We moved to a 1935 cottage and cottage rules here...except in one room.
My husband's bedroom is Western, no doubt about it.
The old knotty pine paneling suits it and all of his vintage Western touches look at home here.
These 1950s cowgirl boots that RH's father had custom made for his wife (RH's stepmother), take center stage here. Our daughter used to wear them.
There are other Western reminders in RH's bedroom.
Let's put some Texas swing music on and show you around.
My Texan is proud of his roots. His mother's father's father's father, a French Huguenot, settled in Texas in 1833. We used his first name for one of our sons but couldn't quite get up our nerve to name one after his middle name:
Ptolemy
RH is also proud of his other heritage.
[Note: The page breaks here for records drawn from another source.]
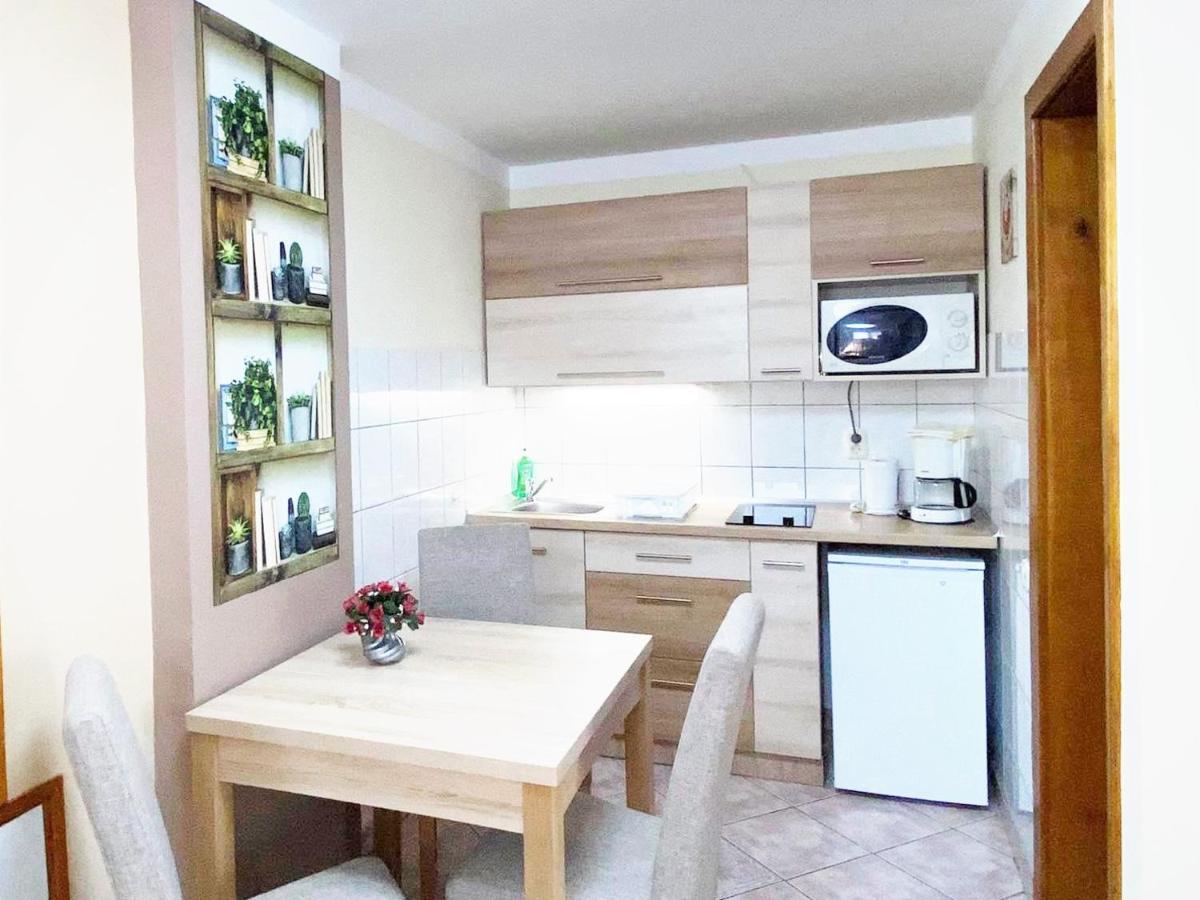 Apartman Siesta Buek - Buekfuerdo エクステリア 写真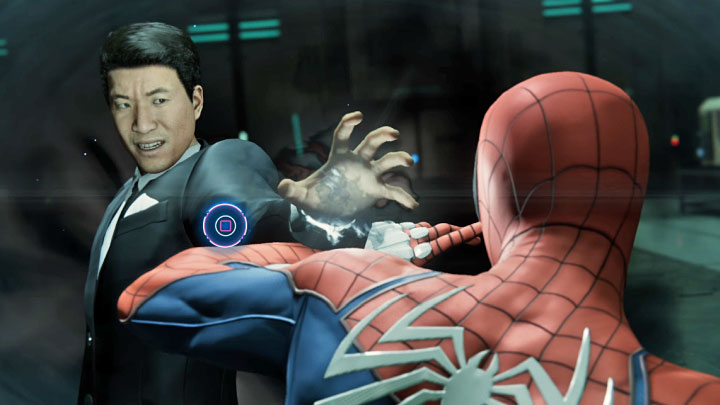 Po jednej ze serii Waszych ataków dojdzie do sceny siłowania się i musicie szybko wciskać wskazany przycisk (Kwadrat na padzie) - Marvels Spider-Man: Mister Negative - boss, jak pokonać? - Marvels Spider-Man - poradnik do gry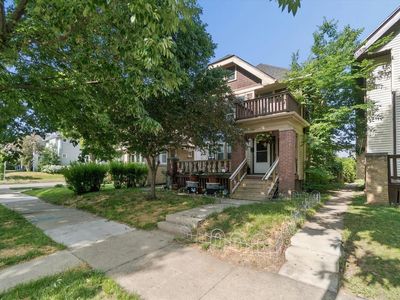 2605 N 49th STREET #2607
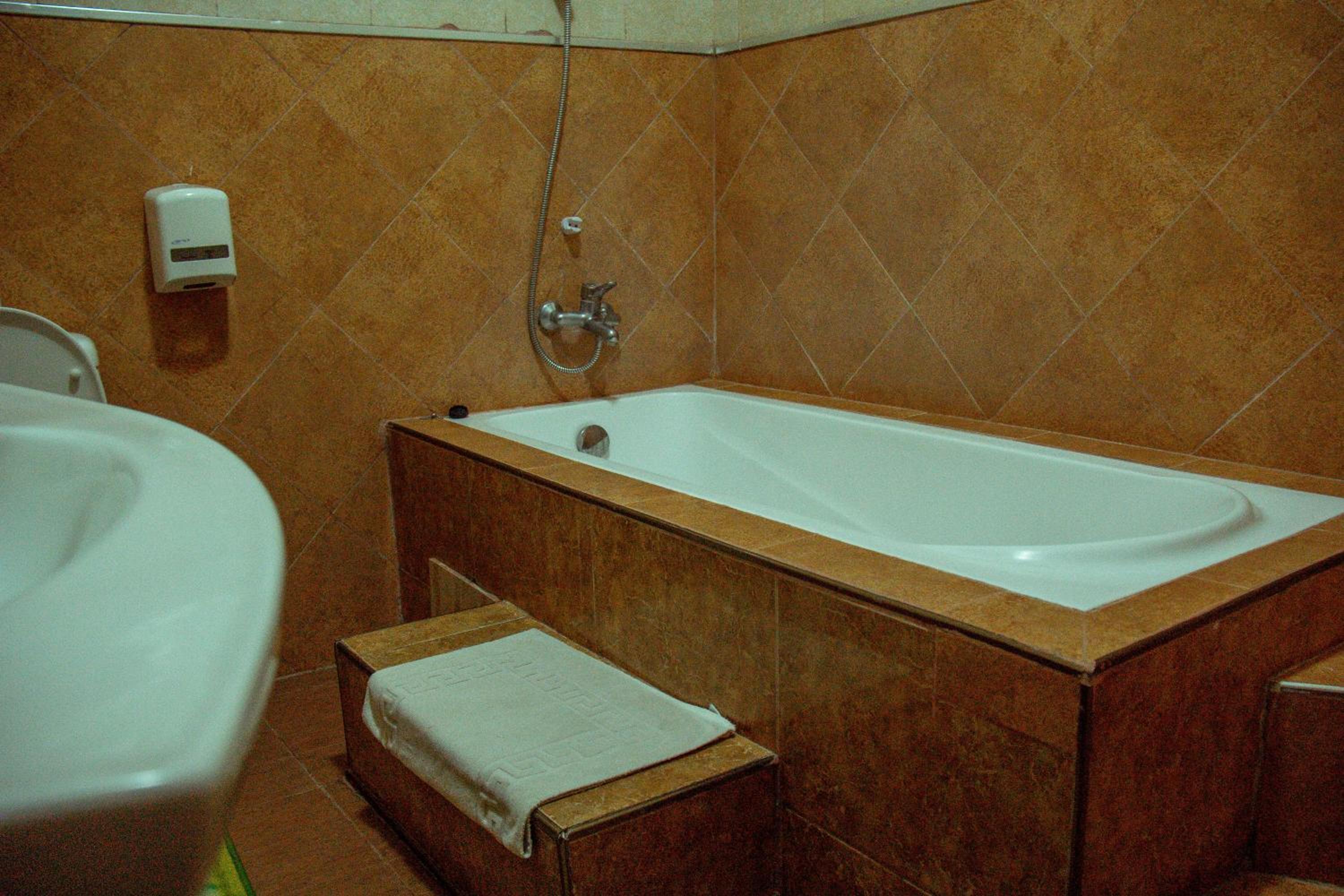 Deluxe Double Room with Balcony photo 3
His mother's mother was a Cherokee.
Here's a photograph of RH with his beautiful mother, older brother and little sister taken with Tex Ritter, one of the early "singing cowboys" in many movies. The photograph was taken about a year after Tex Ritter's "Do Not Forsake Me, Oh My Darling" won an Oscar for Best Song in the movie High Noon.
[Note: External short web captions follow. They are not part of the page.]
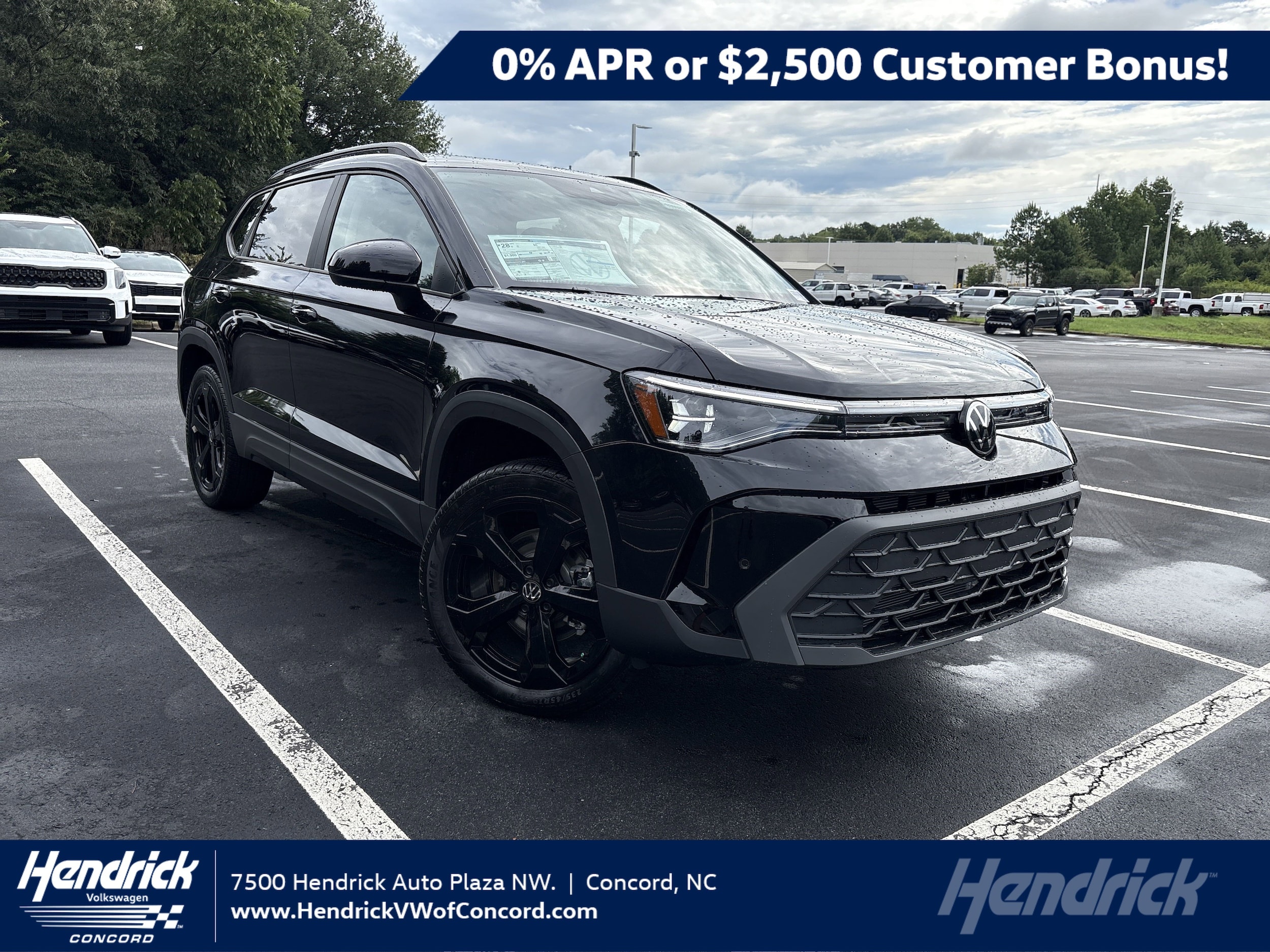 2025 Volkswagen Taos SE Black's photo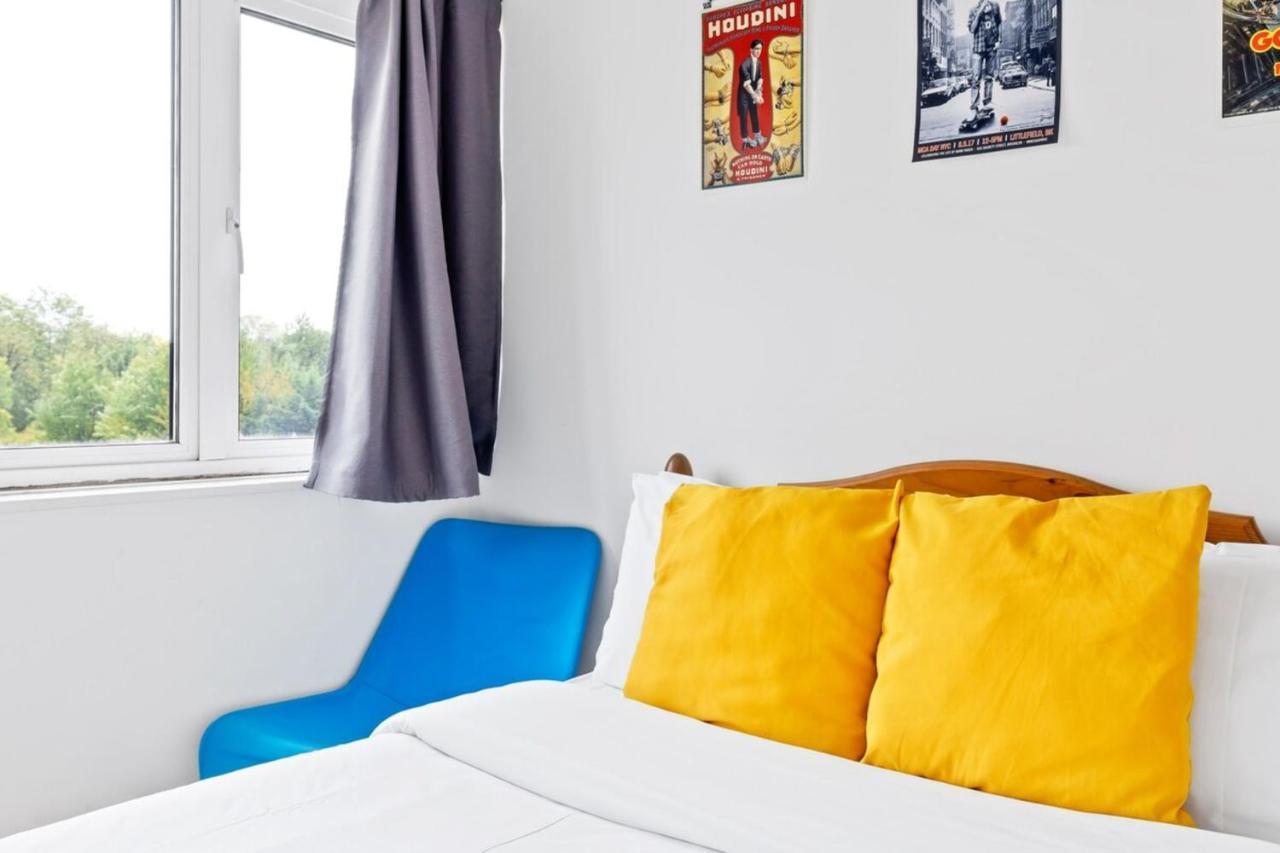 Spacious 2 Bedroom In Cricklewood Appartement Londen
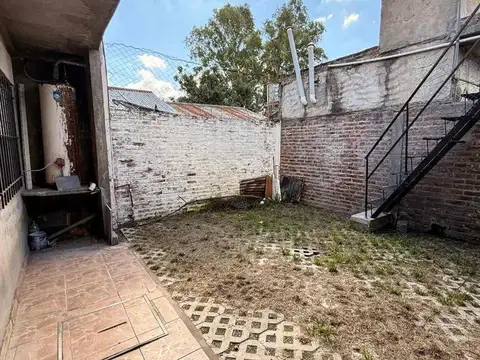 Depto Tipo Casa 3 ambientes con 1 baño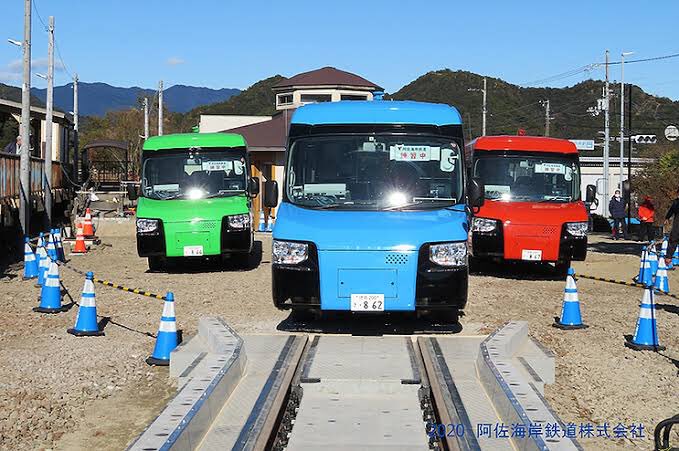 Japan launches Dual Mode Vehicle for public use similar to India's tram; netizens react - Vimarsana News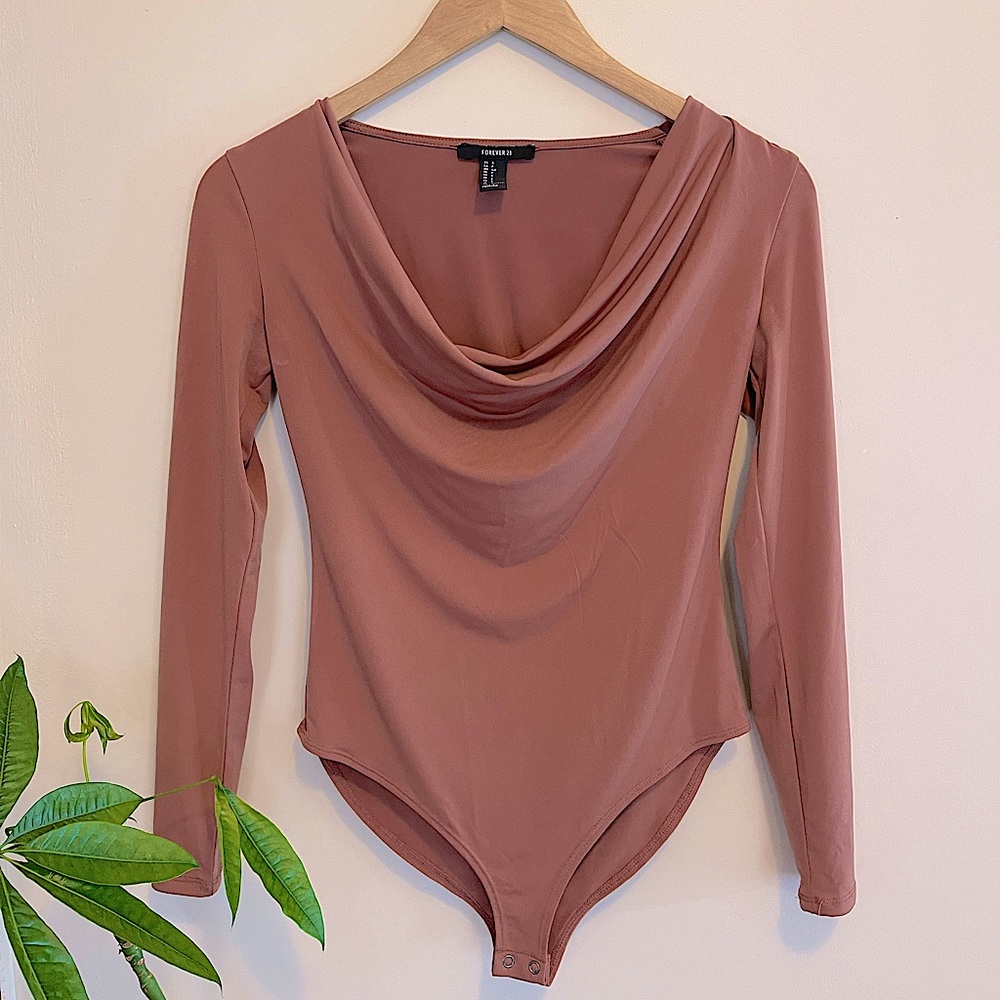 Crowl Neck Body Suit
My husband remembers Mr. Ritter telling him "Don't touch the gun, son."
I gave RH this vintage steer horn mirror for Christmas many years ago, paying for it on layaway at an antique store.
For a while I tried to corner the market on these little china cowboy hats.
Our daughter surprised her daddy with this pretty painting one Christmas.
It hangs over his chair.
This picture of Sequoyah and his Cherokee alphabet was a gift from a son.
But the 1960 cancelled check that came with it drawn on the Texas State Bank makes us smile too--$45.50.
I never did get around to baking a cake in this heavy pan shaped like the state of Texas, but it makes a great catchall for little things in his room.
I cut a few herbs to go with some blooms for RH's bed table.
The curtains we found for the bedroom came from Goodwill when we moved here in January.
You might think these curtains don't belong in a Western room but when I spotted four panels I grabbed them. I thought they were just the right touch to give a little old world elegance to the room.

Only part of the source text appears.